Problem: Give back all of the records underneath exactly, with no omissions.

Supplied data:
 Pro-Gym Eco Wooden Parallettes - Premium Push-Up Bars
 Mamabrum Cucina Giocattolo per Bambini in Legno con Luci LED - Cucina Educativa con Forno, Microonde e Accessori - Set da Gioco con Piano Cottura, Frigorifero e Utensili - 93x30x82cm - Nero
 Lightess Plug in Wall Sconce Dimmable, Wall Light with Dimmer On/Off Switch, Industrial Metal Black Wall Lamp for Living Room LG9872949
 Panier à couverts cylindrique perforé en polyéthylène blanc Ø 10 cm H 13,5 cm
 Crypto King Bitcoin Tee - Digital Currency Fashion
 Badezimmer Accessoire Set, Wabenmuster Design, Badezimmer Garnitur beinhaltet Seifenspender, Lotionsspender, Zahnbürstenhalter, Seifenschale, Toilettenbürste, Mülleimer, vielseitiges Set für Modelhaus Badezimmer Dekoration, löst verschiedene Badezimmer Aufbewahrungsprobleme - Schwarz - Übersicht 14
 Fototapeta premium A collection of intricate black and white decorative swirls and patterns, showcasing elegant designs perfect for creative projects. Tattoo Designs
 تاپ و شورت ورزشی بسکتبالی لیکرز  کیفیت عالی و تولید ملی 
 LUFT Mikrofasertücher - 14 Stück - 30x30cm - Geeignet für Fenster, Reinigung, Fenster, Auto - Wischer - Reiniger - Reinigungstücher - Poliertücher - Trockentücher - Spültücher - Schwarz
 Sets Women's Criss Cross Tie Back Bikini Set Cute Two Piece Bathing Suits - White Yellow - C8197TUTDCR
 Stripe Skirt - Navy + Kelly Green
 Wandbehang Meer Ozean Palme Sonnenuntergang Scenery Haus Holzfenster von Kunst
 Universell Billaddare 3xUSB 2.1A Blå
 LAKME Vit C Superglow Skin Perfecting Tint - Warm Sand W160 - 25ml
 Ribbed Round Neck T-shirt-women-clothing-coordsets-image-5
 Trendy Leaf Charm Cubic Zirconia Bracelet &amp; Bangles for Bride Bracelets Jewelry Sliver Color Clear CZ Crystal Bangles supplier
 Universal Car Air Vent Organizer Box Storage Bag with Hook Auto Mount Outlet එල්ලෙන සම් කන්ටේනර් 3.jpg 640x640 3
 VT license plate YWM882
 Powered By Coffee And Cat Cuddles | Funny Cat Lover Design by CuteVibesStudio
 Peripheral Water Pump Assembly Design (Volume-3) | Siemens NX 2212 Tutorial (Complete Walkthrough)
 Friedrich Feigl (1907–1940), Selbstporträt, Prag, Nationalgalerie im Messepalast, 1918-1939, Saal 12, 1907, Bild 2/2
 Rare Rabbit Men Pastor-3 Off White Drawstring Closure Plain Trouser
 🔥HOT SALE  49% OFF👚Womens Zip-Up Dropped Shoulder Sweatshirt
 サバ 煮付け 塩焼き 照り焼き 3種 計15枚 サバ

Solution:
 Pro-Gym Eco Wooden Parallettes - Premium Push-Up Bars
 Mamabrum Cucina Giocattolo per Bambini in Legno con Luci LED - Cucina Educativa con Forno, Microonde e Accessori - Set da Gioco con Piano Cottura, Frigorifero e Utensili - 93x30x82cm - Nero
 Lightess Plug in Wall Sconce Dimmable, Wall Light with Dimmer On/Off Switch, Industrial Metal Black Wall Lamp for Living Room LG9872949
 Panier à couverts cylindrique perforé en polyéthylène blanc Ø 10 cm H 13,5 cm
 Crypto King Bitcoin Tee - Digital Currency Fashion
 Badezimmer Accessoire Set, Wabenmuster Design, Badezimmer Garnitur beinhaltet Seifenspender, Lotionsspender, Zahnbürstenhalter, Seifenschale, Toilettenbürste, Mülleimer, vielseitiges Set für Modelhaus Badezimmer Dekoration, löst verschiedene Badezimmer Aufbewahrungsprobleme - Schwarz - Übersicht 14
 Fototapeta premium A collection of intricate black and white decorative swirls and patterns, showcasing elegant designs perfect for creative projects. Tattoo Designs
 تاپ و شورت ورزشی بسکتبالی لیکرز  کیفیت عالی و تولید ملی 
 LUFT Mikrofasertücher - 14 Stück - 30x30cm - Geeignet für Fenster, Reinigung, Fenster, Auto - Wischer - Reiniger - Reinigungstücher - Poliertücher - Trockentücher - Spültücher - Schwarz
 Sets Women's Criss Cross Tie Back Bikini Set Cute Two Piece Bathing Suits - White Yellow - C8197TUTDCR
 Stripe Skirt - Navy + Kelly Green
 Wandbehang Meer Ozean Palme Sonnenuntergang Scenery Haus Holzfenster von Kunst
 Universell Billaddare 3xUSB 2.1A Blå
 LAKME Vit C Superglow Skin Perfecting Tint - Warm Sand W160 - 25ml
 Ribbed Round Neck T-shirt-women-clothing-coordsets-image-5
 Trendy Leaf Charm Cubic Zirconia Bracelet &amp; Bangles for Bride Bracelets Jewelry Sliver Color Clear CZ Crystal Bangles supplier
 Universal Car Air Vent Organizer Box Storage Bag with Hook Auto Mount Outlet එල්ලෙන සම් කන්ටේනර් 3.jpg 640x640 3
 VT license plate YWM882
 Powered By Coffee And Cat Cuddles | Funny Cat Lover Design by CuteVibesStudio
 Peripheral Water Pump Assembly Design (Volume-3) | Siemens NX 2212 Tutorial (Complete Walkthrough)
 Friedrich Feigl (1907–1940), Selbstporträt, Prag, Nationalgalerie im Messepalast, 1918-1939, Saal 12, 1907, Bild 2/2
 Rare Rabbit Men Pastor-3 Off White Drawstring Closure Plain Trouser
 🔥HOT SALE  49% OFF👚Womens Zip-Up Dropped Shoulder Sweatshirt
 サバ 煮付け 塩焼き 照り焼き 3種 計15枚 サバ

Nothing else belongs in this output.